BLOOMINGTON - Amy Calhoun's Thanksgiving includes many of the common traditions - food, family, relaxation - but with one twist.
Unlike many people who will continue to snack on turkey and watch TV well into the evening, Calhoun will go to work. By 5 p.m. today, it will be time for the small-business owner to officially turn her downtown Bloomington store to the holiday shopping mode.
"We stay until every holiday decoration, every holiday product, every tag, is up, until we feel we're ready to go," said Calhoun, co-owner of specialty store A. Renee.
Calhoun doesn't expect the massive crowds larger retailers will experience on the day after Thanksgiving - her shop picks up speed closer to Christmas. Nonetheless, Calhoun joins other Central Illinois retailers who have been working to be as prepared as possible for Black Friday, the first day of a weekend during which as many as 133 million Americans will shop, according to the National Retail Federation.
One of the biggest shopping days of the year, Black Friday earned its nickname because it traditionally was a day retailers' books typically shifted from "in the red" to "in the black," meaning profitable, for the year.
"It's a big day for any retailer.
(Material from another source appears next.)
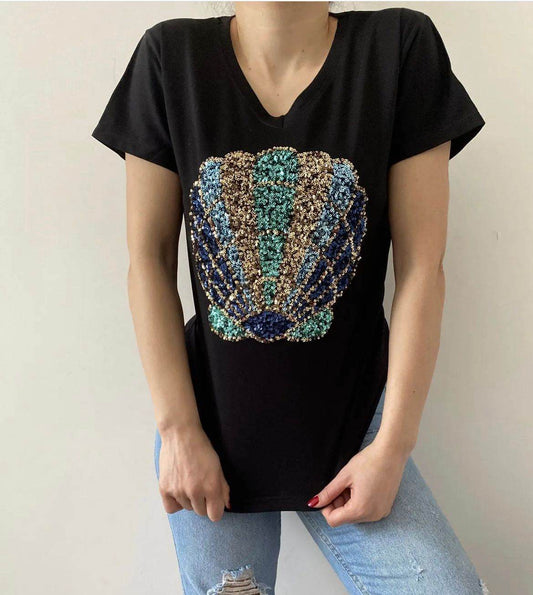 Black Sequin Shell Cotton T-Shirt - oneinmelon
It's always traditionally been the kickoff day for the holiday season," said Steve Lawson, store manager of Pontiac's Wal-Mart Supercenter, which is open 24 hours a day but won't start sales until 5 a.m. Friday. "We'll have some really good deals."
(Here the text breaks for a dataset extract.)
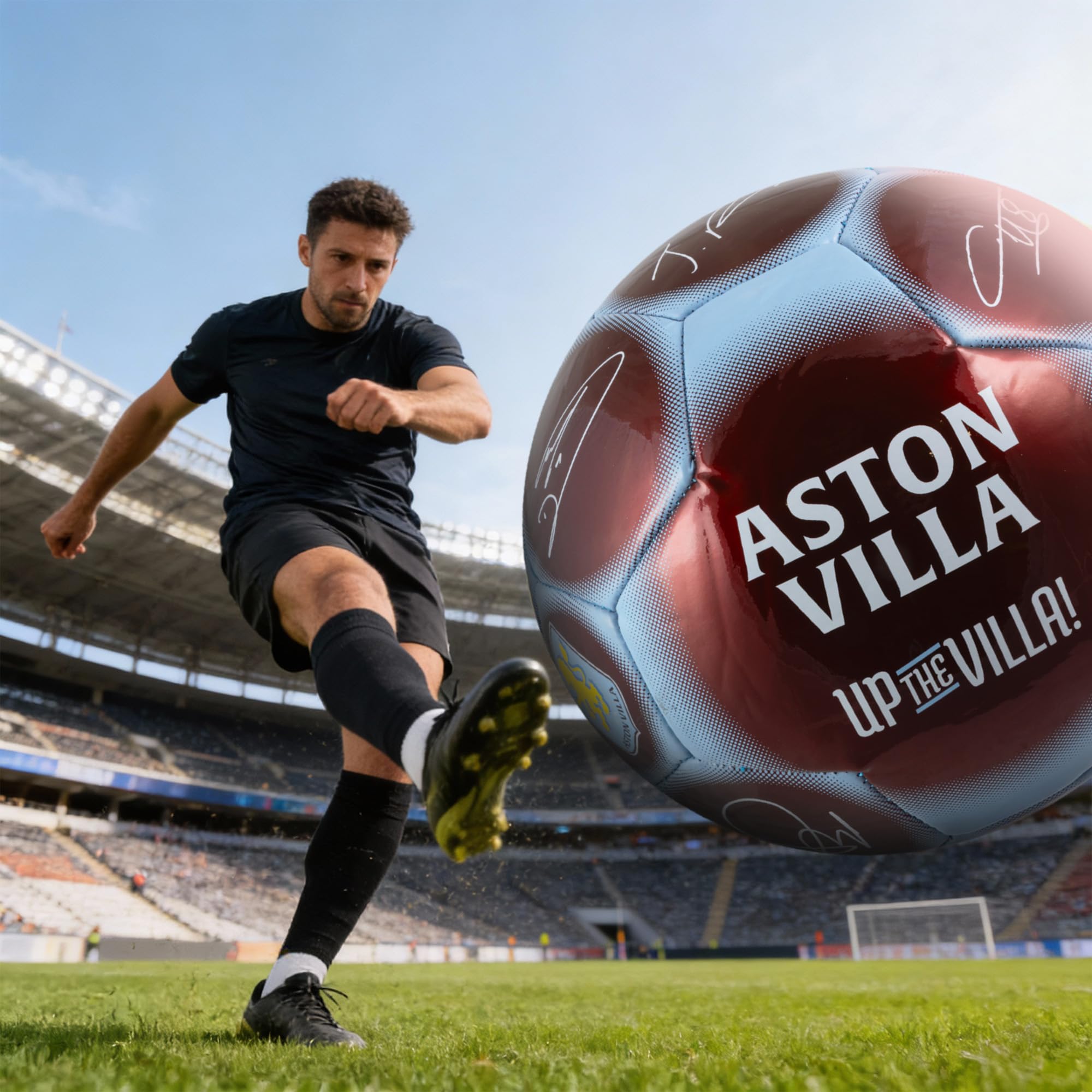 Hy-Pro Pallone da calcio con licenza ufficiale Aston Villa F.C., taglia 5, AVFC, allenamento, partita, merchandising, da collezione per bambini e adulti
Employees have spent several days on Black Friday preparation work, including sales displays in the store's back room, Lawson said. Overnight workers will put the merchandise out on the floor tonight, and associates and cashiers will be ready to serve the customers as sales begin, he said.
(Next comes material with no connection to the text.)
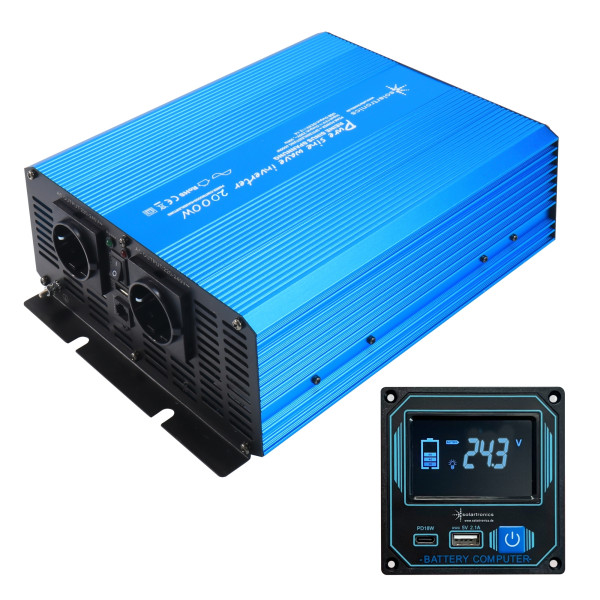 TS2000-24V-DE80D Reiner Sinus Spannungswandler 2000W mit Kabel-Display-Fernbedienung USB-A & USB-C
"The displays are staged. At 5 a.m., (employees) unwrap them, and customers have access to these great deals," Lawson said. "It can be hectic, but it's a lot of fun at the same time."
Black Friday is pretty much the same story every year, with early store openings, giveaways and customers who even beat staff to work, said Gayle Gleespen, marketing director at Eastland Mall in Bloomington.
"Last year, I pulled up at 3:30 (a.m.); there were people waiting outside the entrance," Gleespen said.
But Gleespen doesn't expect huge crowds when the mall opens at 6 a.m. Friday. Businesses outside of the department stores will see more shoppers arrive between 6:30 a.m. and 7 a.m., after they've already hit their first destinations, she said.
Since the mall is closed today, many store managers might have finished preparation work Wednesday night, though some may choose to switch signs or finish displays today or before Friday's opening, Gleespen said.
At A. Renee, Calhoun has received 85 boxes of holiday merchandise in the past two weeks. As her business has grown, she's run out of storage space, so she's been unpacking, pricing and stocking merchandise as it's arrived this year.
Staff also has been busy making pre-made gift baskets in the shop. This year, Calhoun also rented space on the building's fourth floor to create an assembly line for individual and corporate customers' custom gift basket orders.
She and her mother likely will be in the store late tonight - likely midnight or 1 a.m. - and will make any last-minute adjustments before Friday's 11 a.m. opening. Other family members likely will stop by to hang a wreath and watch as the shop evolves into its icy holiday theme.
"It's actually officially the holiday season," Calhoun said. "It's a lot of fun."